THE PROBLEM - In the data below, one line contains "Miu 26fw knit camisole cardigan sets" and a later one contains "zhenskiy-beret-v-polosku-letniy-vizio-italiya". Print both, with every line between them, exactly and alone.

───── DATA FOR ANALYSIS ─────

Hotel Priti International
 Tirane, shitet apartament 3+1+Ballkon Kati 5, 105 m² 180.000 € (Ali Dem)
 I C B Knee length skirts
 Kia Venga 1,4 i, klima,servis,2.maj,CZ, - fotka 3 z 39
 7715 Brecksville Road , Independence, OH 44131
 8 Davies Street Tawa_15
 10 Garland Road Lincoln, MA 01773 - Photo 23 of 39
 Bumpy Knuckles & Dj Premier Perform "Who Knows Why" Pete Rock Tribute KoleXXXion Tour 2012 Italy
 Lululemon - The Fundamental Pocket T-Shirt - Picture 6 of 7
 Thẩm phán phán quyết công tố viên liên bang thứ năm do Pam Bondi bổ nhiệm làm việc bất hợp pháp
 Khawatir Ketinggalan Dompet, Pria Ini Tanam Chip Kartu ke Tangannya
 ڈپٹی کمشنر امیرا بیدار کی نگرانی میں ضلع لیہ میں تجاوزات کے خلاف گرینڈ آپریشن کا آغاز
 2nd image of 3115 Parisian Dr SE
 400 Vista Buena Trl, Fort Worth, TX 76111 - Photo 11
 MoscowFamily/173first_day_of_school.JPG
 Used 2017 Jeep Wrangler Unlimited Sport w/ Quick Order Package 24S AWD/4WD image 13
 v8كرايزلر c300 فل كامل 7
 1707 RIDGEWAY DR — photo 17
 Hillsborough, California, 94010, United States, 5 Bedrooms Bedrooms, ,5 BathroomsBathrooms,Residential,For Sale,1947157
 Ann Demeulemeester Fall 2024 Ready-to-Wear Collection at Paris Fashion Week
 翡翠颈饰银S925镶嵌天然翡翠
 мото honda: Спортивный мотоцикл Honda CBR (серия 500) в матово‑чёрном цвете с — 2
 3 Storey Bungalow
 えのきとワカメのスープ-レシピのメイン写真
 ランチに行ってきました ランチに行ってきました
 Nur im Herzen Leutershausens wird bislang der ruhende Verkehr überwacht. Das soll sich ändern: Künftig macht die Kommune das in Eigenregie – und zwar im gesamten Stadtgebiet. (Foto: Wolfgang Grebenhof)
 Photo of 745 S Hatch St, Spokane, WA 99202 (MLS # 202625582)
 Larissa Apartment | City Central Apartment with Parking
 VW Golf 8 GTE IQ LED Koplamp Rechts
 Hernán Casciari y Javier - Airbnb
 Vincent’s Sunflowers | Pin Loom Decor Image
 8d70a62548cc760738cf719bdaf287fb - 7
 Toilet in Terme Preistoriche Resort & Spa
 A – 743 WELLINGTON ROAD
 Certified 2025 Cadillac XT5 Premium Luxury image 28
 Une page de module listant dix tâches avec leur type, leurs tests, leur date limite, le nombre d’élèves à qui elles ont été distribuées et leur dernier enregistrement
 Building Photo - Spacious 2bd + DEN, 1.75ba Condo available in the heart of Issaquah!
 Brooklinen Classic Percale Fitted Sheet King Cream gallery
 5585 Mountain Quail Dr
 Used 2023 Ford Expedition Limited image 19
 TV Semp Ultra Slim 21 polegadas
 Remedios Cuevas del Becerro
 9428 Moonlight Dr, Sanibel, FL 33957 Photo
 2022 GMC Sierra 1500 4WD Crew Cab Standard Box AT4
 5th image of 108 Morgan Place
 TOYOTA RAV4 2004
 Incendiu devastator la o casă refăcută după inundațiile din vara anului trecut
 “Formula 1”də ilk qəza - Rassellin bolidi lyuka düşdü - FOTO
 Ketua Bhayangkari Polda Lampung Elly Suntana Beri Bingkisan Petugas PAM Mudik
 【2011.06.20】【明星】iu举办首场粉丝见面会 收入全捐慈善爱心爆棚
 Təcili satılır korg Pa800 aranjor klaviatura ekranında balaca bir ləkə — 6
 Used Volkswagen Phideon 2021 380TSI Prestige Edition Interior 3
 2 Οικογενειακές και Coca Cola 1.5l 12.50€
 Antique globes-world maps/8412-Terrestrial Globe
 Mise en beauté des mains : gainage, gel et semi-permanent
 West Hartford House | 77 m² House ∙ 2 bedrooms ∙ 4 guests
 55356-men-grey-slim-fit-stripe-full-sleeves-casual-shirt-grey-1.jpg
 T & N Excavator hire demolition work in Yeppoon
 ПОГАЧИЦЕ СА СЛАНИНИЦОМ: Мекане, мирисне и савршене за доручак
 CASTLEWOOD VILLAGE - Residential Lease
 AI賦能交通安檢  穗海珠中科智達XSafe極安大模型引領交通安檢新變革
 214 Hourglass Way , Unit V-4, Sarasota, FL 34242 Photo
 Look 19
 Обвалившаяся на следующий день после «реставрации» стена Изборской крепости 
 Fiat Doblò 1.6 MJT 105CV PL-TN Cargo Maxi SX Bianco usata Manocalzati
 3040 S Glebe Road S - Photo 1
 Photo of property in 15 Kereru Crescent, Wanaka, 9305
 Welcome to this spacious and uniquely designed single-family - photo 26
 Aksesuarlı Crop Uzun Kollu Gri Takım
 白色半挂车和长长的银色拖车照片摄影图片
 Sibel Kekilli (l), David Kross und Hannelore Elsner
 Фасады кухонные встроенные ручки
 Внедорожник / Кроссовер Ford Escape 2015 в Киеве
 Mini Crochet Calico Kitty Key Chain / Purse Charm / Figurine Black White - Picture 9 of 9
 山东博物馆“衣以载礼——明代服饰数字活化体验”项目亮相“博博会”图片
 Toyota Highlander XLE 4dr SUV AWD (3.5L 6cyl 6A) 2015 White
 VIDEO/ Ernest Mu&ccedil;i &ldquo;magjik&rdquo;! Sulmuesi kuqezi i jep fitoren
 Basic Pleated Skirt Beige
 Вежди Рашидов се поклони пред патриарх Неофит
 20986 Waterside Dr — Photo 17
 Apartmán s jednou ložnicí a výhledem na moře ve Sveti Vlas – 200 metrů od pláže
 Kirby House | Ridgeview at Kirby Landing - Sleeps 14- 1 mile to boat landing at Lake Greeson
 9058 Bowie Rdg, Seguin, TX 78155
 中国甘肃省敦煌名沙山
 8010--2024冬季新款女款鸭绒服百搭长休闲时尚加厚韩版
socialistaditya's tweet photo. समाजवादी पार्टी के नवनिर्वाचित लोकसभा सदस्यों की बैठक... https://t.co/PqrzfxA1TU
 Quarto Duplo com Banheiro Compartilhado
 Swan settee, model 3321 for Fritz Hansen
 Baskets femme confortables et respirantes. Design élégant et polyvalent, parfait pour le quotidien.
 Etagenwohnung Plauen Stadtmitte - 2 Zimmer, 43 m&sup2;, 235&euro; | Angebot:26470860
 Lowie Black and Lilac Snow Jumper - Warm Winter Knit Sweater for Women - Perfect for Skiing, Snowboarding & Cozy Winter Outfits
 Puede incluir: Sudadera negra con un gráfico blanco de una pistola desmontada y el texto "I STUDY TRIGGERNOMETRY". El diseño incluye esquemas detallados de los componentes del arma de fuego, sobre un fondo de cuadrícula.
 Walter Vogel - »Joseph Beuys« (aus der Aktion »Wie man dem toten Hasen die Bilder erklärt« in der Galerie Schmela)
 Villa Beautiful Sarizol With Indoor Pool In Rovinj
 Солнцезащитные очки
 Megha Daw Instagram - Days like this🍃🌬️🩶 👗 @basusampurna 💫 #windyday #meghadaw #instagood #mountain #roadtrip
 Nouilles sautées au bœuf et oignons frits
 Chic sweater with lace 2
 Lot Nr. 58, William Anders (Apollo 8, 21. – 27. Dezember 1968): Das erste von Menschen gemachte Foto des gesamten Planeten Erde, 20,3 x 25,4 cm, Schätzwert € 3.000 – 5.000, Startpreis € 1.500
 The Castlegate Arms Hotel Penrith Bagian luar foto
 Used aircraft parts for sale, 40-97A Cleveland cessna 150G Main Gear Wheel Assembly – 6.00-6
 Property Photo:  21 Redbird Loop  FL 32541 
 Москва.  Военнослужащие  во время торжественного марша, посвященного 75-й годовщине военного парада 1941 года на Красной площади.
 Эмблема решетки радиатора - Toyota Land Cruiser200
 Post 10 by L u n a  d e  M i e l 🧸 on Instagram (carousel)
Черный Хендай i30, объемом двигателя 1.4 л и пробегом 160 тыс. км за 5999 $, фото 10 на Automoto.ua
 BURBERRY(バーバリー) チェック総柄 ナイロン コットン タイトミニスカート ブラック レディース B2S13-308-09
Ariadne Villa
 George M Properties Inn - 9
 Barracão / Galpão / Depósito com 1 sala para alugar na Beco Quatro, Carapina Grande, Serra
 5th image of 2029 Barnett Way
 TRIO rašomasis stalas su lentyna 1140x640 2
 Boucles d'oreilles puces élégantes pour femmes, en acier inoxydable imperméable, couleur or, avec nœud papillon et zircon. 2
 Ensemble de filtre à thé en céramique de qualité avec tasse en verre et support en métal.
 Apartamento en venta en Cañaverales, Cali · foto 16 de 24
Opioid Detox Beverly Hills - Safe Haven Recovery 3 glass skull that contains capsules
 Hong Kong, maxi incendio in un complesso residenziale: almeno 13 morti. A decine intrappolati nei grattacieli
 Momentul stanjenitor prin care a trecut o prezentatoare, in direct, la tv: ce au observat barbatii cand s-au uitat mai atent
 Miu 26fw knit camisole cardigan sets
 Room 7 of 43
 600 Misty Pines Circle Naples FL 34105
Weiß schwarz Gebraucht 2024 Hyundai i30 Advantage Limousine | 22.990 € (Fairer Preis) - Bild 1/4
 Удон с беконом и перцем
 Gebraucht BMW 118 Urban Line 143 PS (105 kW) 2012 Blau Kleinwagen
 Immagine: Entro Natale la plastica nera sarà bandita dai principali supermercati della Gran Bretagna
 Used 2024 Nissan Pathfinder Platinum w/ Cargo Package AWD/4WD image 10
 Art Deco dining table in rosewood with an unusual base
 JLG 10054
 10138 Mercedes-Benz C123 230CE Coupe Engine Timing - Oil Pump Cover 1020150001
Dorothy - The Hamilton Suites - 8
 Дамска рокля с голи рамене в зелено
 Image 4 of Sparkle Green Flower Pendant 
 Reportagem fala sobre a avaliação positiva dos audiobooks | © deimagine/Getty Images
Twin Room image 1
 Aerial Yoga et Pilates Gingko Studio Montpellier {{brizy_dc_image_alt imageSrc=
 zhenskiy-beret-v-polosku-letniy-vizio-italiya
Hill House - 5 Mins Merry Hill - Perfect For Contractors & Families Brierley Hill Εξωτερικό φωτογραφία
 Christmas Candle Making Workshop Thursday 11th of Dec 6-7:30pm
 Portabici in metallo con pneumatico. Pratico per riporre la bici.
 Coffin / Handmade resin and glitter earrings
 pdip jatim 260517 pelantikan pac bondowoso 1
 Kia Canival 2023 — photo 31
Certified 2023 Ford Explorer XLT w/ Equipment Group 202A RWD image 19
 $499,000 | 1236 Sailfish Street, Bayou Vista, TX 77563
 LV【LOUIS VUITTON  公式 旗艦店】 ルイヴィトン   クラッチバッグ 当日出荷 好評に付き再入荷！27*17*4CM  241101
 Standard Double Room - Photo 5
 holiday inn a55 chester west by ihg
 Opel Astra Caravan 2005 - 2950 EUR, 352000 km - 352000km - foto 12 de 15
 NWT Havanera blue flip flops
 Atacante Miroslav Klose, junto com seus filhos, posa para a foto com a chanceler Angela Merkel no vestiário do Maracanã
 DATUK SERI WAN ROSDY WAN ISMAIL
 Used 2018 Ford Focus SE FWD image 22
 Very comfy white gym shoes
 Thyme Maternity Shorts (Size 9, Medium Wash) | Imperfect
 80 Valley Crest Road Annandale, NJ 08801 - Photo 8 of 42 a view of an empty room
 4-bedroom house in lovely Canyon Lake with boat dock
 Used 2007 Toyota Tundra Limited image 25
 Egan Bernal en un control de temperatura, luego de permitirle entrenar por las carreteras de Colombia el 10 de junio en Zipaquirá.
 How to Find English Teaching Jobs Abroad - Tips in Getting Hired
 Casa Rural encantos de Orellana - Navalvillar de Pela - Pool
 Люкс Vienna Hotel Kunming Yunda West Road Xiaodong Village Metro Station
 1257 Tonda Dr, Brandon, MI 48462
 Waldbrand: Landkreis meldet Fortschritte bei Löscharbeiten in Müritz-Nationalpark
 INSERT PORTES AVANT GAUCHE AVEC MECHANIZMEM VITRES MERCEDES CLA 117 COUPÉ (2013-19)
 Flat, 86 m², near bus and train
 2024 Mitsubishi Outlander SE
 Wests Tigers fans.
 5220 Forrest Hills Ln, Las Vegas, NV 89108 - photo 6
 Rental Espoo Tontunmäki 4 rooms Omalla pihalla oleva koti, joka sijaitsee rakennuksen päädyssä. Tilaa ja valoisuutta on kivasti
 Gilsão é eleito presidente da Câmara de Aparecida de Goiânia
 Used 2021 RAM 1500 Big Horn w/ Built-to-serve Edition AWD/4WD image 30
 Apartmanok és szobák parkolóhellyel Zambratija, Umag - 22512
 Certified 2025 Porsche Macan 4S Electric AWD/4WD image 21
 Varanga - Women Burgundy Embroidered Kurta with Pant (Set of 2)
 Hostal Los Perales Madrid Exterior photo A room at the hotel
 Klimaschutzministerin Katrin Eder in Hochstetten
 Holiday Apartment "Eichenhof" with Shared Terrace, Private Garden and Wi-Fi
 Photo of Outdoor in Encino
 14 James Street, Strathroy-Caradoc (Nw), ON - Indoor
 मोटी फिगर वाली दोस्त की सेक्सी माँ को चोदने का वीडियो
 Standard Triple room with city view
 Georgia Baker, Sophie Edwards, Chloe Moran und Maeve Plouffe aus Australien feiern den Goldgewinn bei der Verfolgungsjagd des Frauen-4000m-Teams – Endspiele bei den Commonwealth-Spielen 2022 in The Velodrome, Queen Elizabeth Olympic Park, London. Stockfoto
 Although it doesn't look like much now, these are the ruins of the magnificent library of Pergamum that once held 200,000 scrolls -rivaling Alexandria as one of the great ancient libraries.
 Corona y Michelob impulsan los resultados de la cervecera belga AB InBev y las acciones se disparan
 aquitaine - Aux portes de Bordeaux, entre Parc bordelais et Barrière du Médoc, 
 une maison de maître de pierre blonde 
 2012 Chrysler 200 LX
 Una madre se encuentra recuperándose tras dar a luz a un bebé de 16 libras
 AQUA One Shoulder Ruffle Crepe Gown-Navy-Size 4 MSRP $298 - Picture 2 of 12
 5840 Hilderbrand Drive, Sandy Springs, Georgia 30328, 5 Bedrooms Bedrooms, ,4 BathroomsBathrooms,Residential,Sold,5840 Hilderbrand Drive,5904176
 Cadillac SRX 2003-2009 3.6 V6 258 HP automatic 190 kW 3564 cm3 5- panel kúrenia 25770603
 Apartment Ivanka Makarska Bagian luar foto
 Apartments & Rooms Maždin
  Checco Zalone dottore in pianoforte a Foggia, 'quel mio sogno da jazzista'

─────

SOLUTION TO THIS PROBLEM -
 Miu 26fw knit camisole cardigan sets
 Room 7 of 43
 600 Misty Pines Circle Naples FL 34105
Weiß schwarz Gebraucht 2024 Hyundai i30 Advantage Limousine | 22.990 € (Fairer Preis) - Bild 1/4
 Удон с беконом и перцем
 Gebraucht BMW 118 Urban Line 143 PS (105 kW) 2012 Blau Kleinwagen
 Immagine: Entro Natale la plastica nera sarà bandita dai principali supermercati della Gran Bretagna
 Used 2024 Nissan Pathfinder Platinum w/ Cargo Package AWD/4WD image 10
 Art Deco dining table in rosewood with an unusual base
 JLG 10054
 10138 Mercedes-Benz C123 230CE Coupe Engine Timing - Oil Pump Cover 1020150001
Dorothy - The Hamilton Suites - 8
 Дамска рокля с голи рамене в зелено
 Image 4 of Sparkle Green Flower Pendant 
 Reportagem fala sobre a avaliação positiva dos audiobooks | © deimagine/Getty Images
Twin Room image 1
 Aerial Yoga et Pilates Gingko Studio Montpellier {{brizy_dc_image_alt imageSrc=
 zhenskiy-beret-v-polosku-letniy-vizio-italiya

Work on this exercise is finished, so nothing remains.